Philippines : Soutiens les victimes du changement climatique

En 2013, Marinel Sumook Ubaldo a survécu au typhon Yolanda, l’un des plus meurtriers jamais enregistrés. Son village a été détruit : plus de 6 000 personnes sont mortes aux Philippines et des millions ont vu leur logement détruit. La population a été abandonnées à des conditions de vie insalubres.
Depuis, Marinel se bat en faveur des droits des habitants de son village et des environs pour vivre dans des conditions décentes.
Exigeons un soutien pour les victimes du changement climatique !

L’histoire de Marinel Sumook Ubaldo

Marinel Sumook Ubaldo n’avait que 16 ans lorsqu’elle a été confrontée aux effets dévastateurs du changement climatique. En effet, le 13 novembre 2013, Marinel a survécu au typhon Yolanda, l’un des plus meurtriers jamais enregistrés aux Philippines. Son village, sur l’île de Samar, a été détruit. Plusieurs milliers de personnes sont mortes et des millions ont vu leur logement détruit.

Marinel, sa famille et des milliers d’autres personnes se sont retrouvées dans des conditions de vie insalubres dans lesquelles il leur est difficile de gagner leur vie. Ils ont besoin de nourriture, d’eau, d’un logement, d’électricité et de sanitaires. Mais, le gouvernement philippin n’a pas pris de mesures suffisantes et les a abandonnés dans des conditions de vie difficiles.

Marinel a alors compris qu’elle devait trouver un moyen de se protéger et de protéger les habitants de son village et des environs face aux effets du changement climatique.
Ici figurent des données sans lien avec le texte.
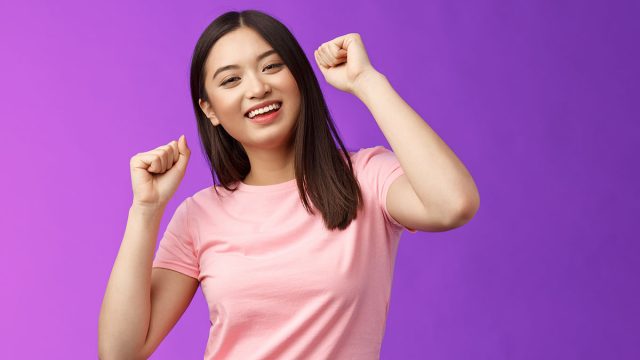 Joyful glamour asian attractive girl having fun enjoy awesome party feeling carefree, fist pump during dance, smiling broadly like good music, attend concert, stand purple background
Elle est ainsi devenue une jeune militante de renom, déterminée à faire en sorte que les gouvernements des Philippines et du monde prennent des mesures pour lutter contre le changement climatique et ses conséquences.

« Je ne suis pas simplement... une statistique climatique »
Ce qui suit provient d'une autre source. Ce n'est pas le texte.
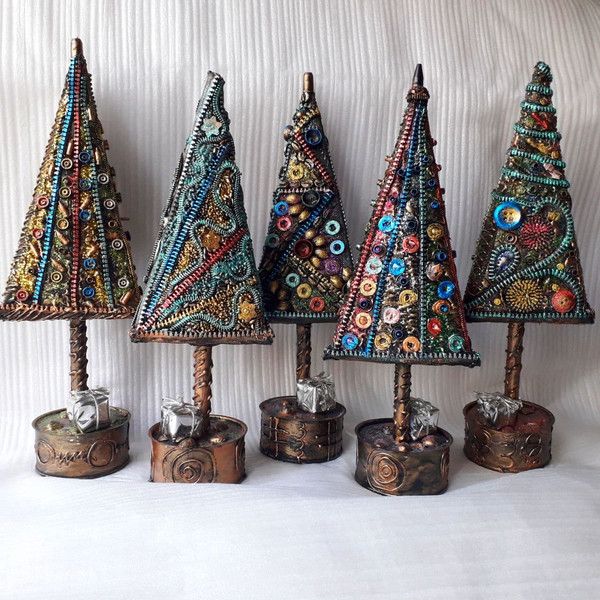 three small christmas trees made out of bead and wood, sitting on a white surface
En septembre 2018, Marinel s’est rendue à New York pour fournir des éléments de preuve dans le cadre d’une enquête sur le changement climatique et la manière dont les industries des énergies fossiles y contribuent. Elle a alors déclaré devant une salle des Assemblées comble : « Je ne suis pas simplement...une statistique climatique ».

« Mon histoire n’en est qu’une parmi de nombreuses autres et je suis ici pour parler au nom des groupes vulnérables et marginalisés, afin que notre voix soit entendue ».
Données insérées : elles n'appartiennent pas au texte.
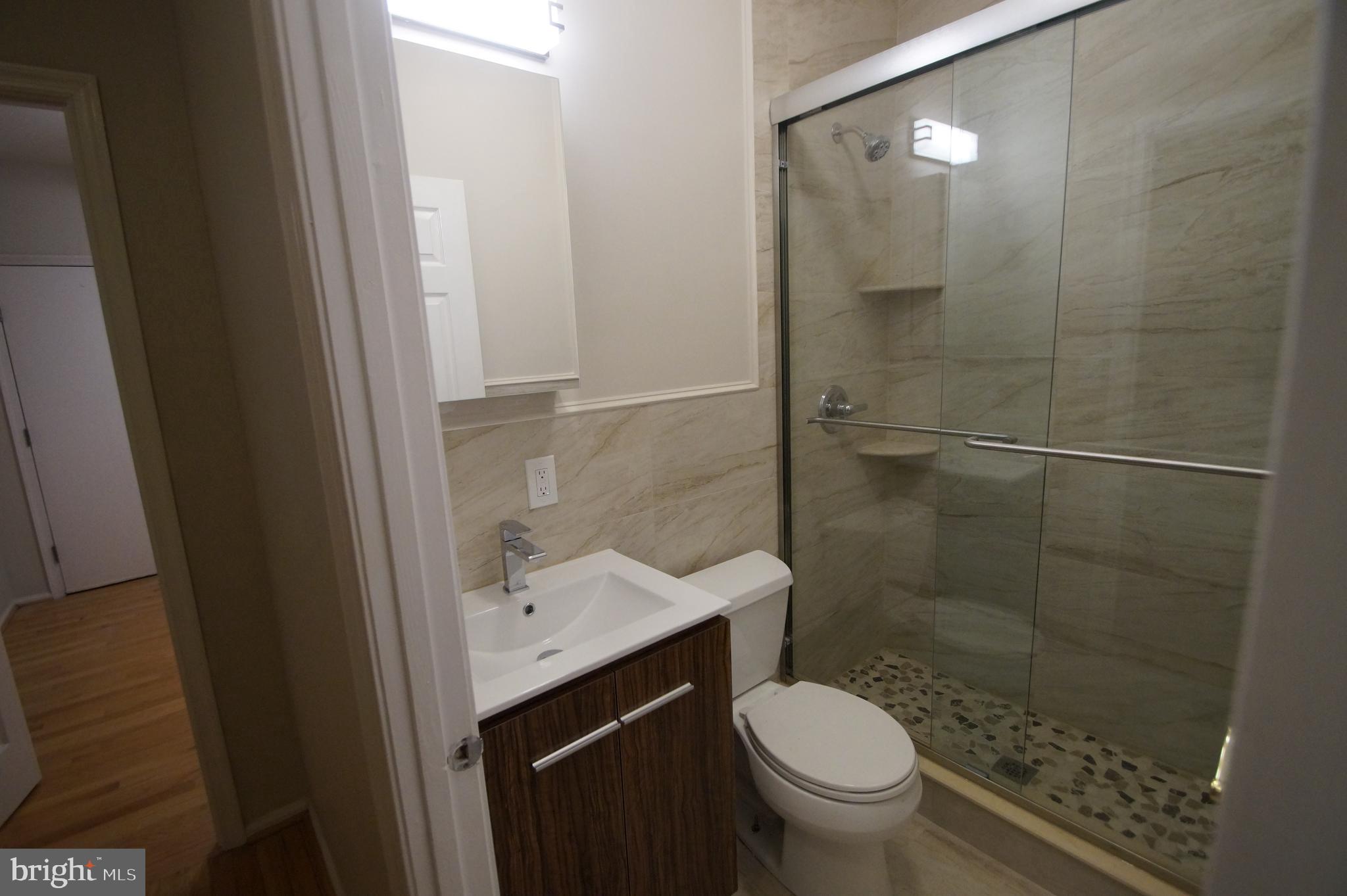 1004 Christian Street Philadelphia, PA 19147 - Photo 24 of 34 a bathroom with a granite countertop toilet a sink and a mirror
Aujourd’hui, Marinel a obtenu son diplôme en travail social. Passionnée de nature et jeune militante, elle consacre son temps libre à faire campagne en faveur des droits des habitants de son village et des environs afin de vivre dans la dignité et à réclamer une justice climatique. Elle reste déterminée à faire en sorte que les gouvernements du monde prennent des mesures pour lutter contre le changement climatique et ses conséquences.